Philippe LeBlond says he’s running for the Green Party in Copperbelt South to give people a choice and bring issues to the table rather than get elected.
“We’re not going to form government,” he said with a chuckle, during an interview with the News Thursday.
The Green Party has five candidates in the upcoming election.
It’s LeBlond’s first time running in the territorial election. He ran for the federal Greens in 2004, when he realized the Yukon was the only riding the party didn’t have a candidate in.
LeBlond operated a mobile bike shop for a number of years.
He lives in Riverdale, but is moving to the Mount Sima subdivision next year where he is currently building a new home.

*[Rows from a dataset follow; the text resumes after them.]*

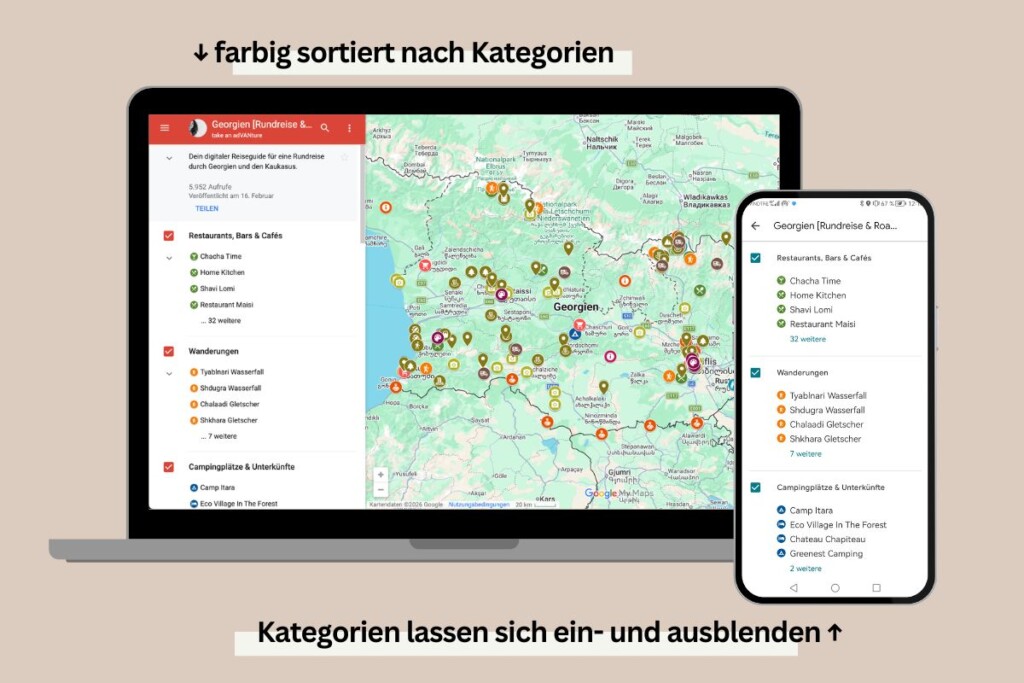 digitale Reiseführer: Übersicht über die einzelnen Kategorien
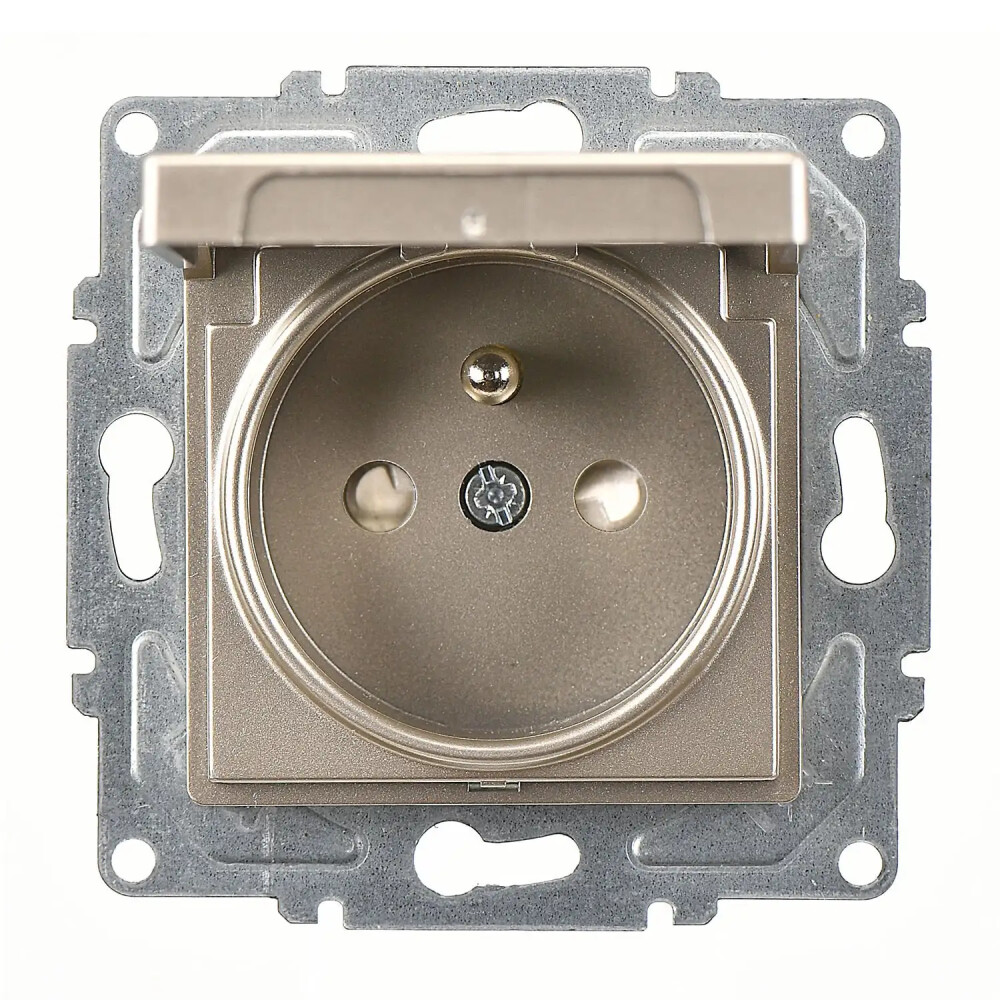 Eqona / Radius / Neoline Çocuk Korumalı Kapaklı UPS Priz, Metalik Bej (Mekanizma + Tuş/Kapak) - Günsan Elektrik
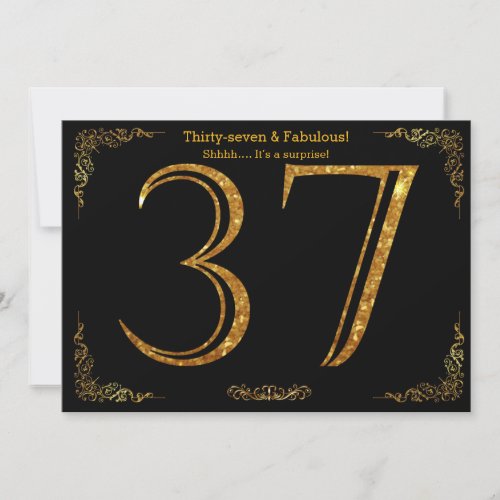 37th Birthday partyGatsby stylblack gold glitter Invitation
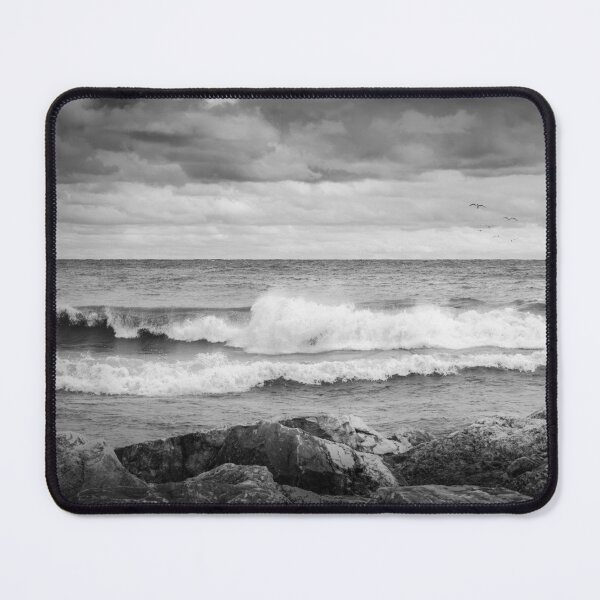 Item preview, Lake Michigan waves with rocky foreground in Sheboygan  Wisconsin black and white designed and sold by TerraMediaLLC.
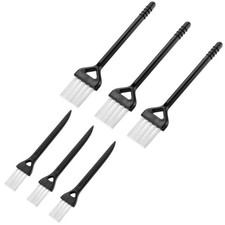 6Pcs Shaver Cleaning Brush Tools with Black Handle White Nylon Bristles 2 Sizes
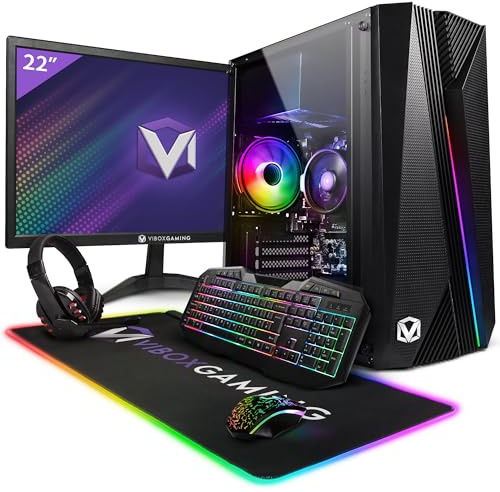Vibox VI-44 Gaming PC Bundle • AMD Ryzen 3 3200G 4.0GHz • Radeon Vega 8 • 16GB RAM • 1TB SSD • Windows 11 • 22 Monitor • WiFi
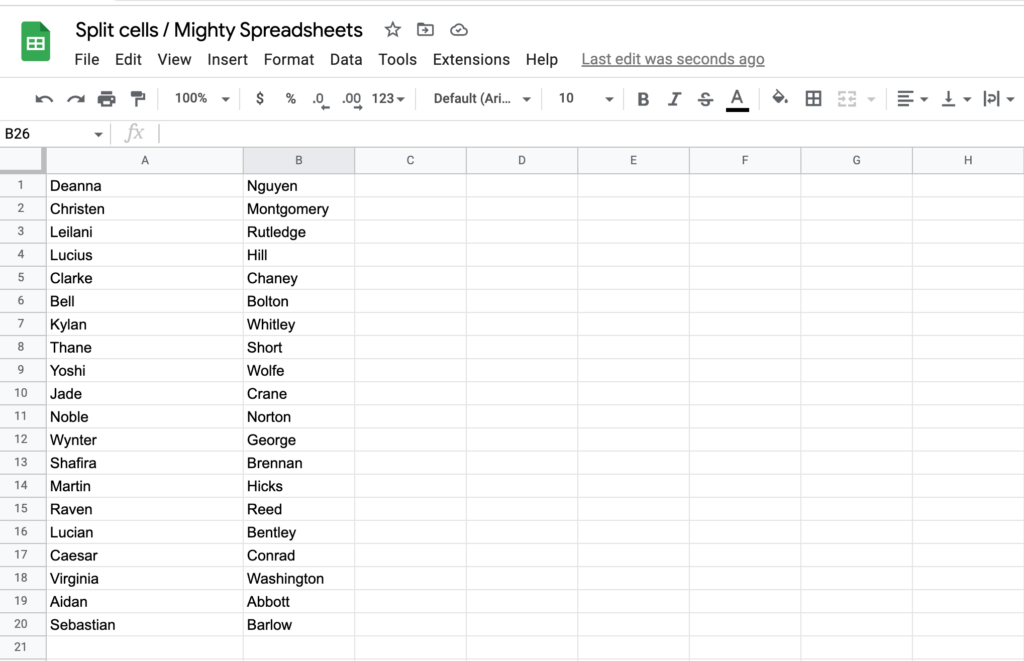 The screenshots shows final output of splitting text into columns - Column A contains names and Column B contains lastnames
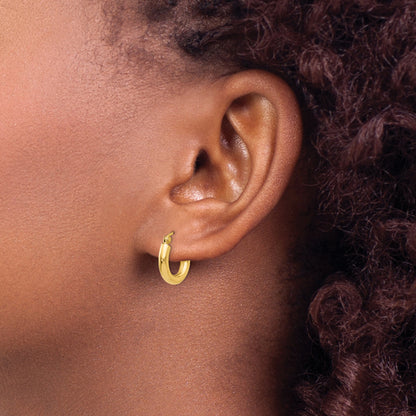 14K Yellow Gold 13mm x 3mm Lightweight Round Hoop Earrings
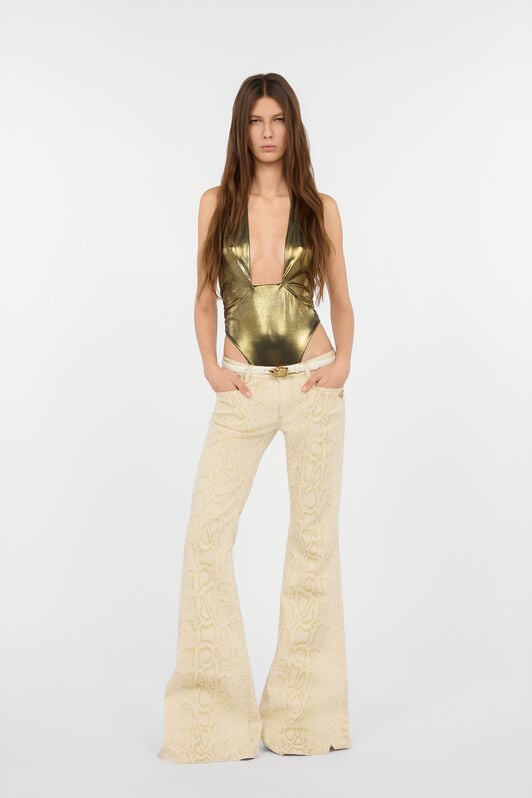 RC Jeans Bianchi Svasati Con Motivo Python Dorato GOLD/WHITE WWJ205-DZS32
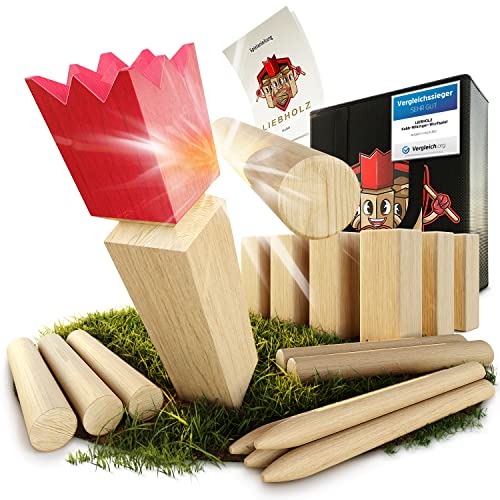 Liebholz® Premium Kubb Wikinger Wurfspiel [TESTSIEGER] inkl. Tragetasche & Spielanleitung - Original Schwedenschach aus nachhaltigem FSC Gummibaumholz - Robustes XXL Kubb Wikingerspiel für draußen von Liebholz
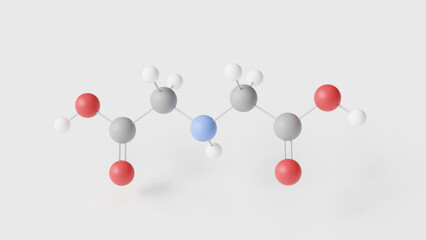 iminodiacetic acid molecule 3d, molecular structure, ball and stick model, structural chemical formula amines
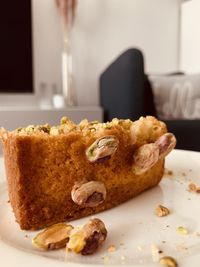 Close-up of cake in plate on table
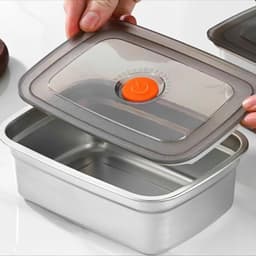 Combo 5 Hộp Đựng Thực Phẩm 1500ml inox có nắp đậy hút chân không, Khay Đựng để tủ lạnh ngăn mùi 19cm x 8,5cm x 13,8cm 9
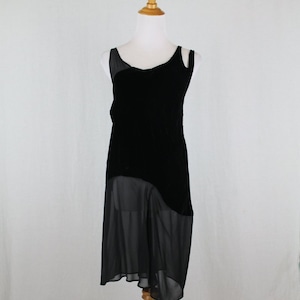 Vintage COTELAC Paris Black Silk Velvet and Chiffon Sleeveless Flapper Dress XS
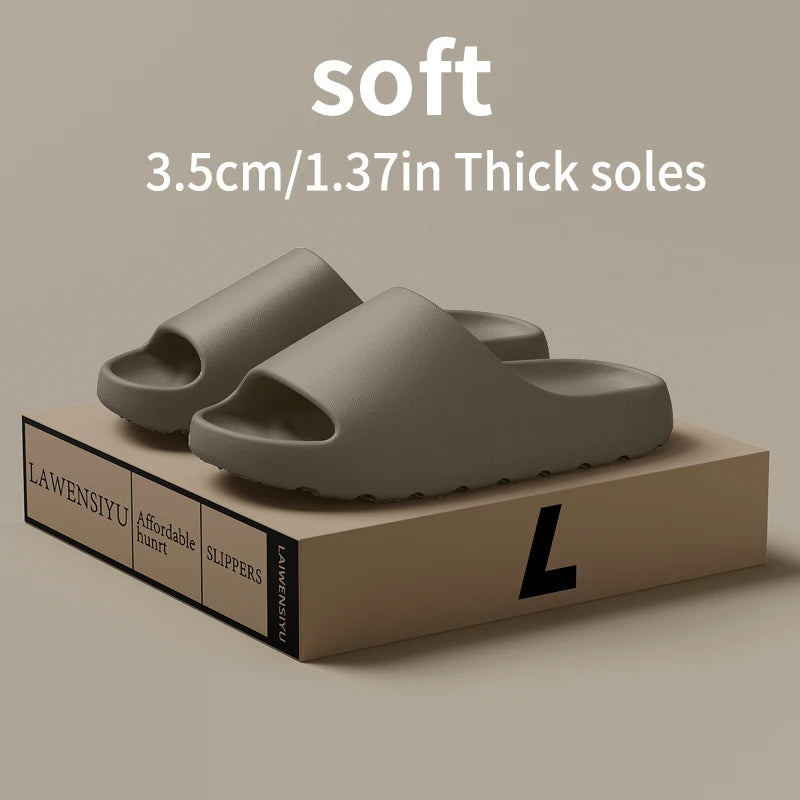 Men's slide slippers, taupe upper with cushioned thick sole and open toe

When asked if he had been doing a lot of door knocking, LeBlond said his campaign was “pretty low-key.”
“I knocked on a lot of doors to get my nomination signatures,” he said.
He got encouragement from residents, he said, but found people weren’t really interesting in talking about policies.
“People are pretty well decided in the riding,” he said. “I think it’s going to be a pretty strategic election.”
The riding is especially interesting because of how close the race was in 2011: the NDP’s Lois Moorcroft won by three votes against Yukon Party candidate Valerie Boxall. This time, cabinet minister Scott Kent is running for the Yukon Party.
LeBlond recognizes the Greens won’t change things overnight.
“We’re not a bunch of tree-huggers,” he said.
But just having the Greens run candidates in the past years has had an impact, he said.
“Just us being there, we have an influence,” he said. “A lot of the other parties have picked up green ideas.”
People often don’t understand Green Party policies around the economy, he noted.
“We’re actually fiscally conservative,” he said. “We’re more into an efficient, lean government.”
One of the Greens’ pillars is social justice issues, including programs to deal with the causes of social issues the territory is facing, he said.
“There are tough situations around here sometimes,” he said.
Petty crime can be traced to boredom and lack of opportunities for some youth, he said. Public transport in the territory should also be improved, he added.
The government doesn’t have to “re-invent the wheel,” he said. The old White Pass and Yukon Route tracks that go through the Whitehorse could have trains run on them once again.
LeBlond was raised in B.C. by two Quebecois parents but says he has the “West Coast mentality.”
He spent a few years in Quebec and eventually made his way to the Yukon in 1992, before putting down roots two years later.
He will be facing incumbent Lois Moorcroft seeking re-election for the NDP, Jocelyn Curteanu for the Liberals and Scott Kent for the Yukon Party.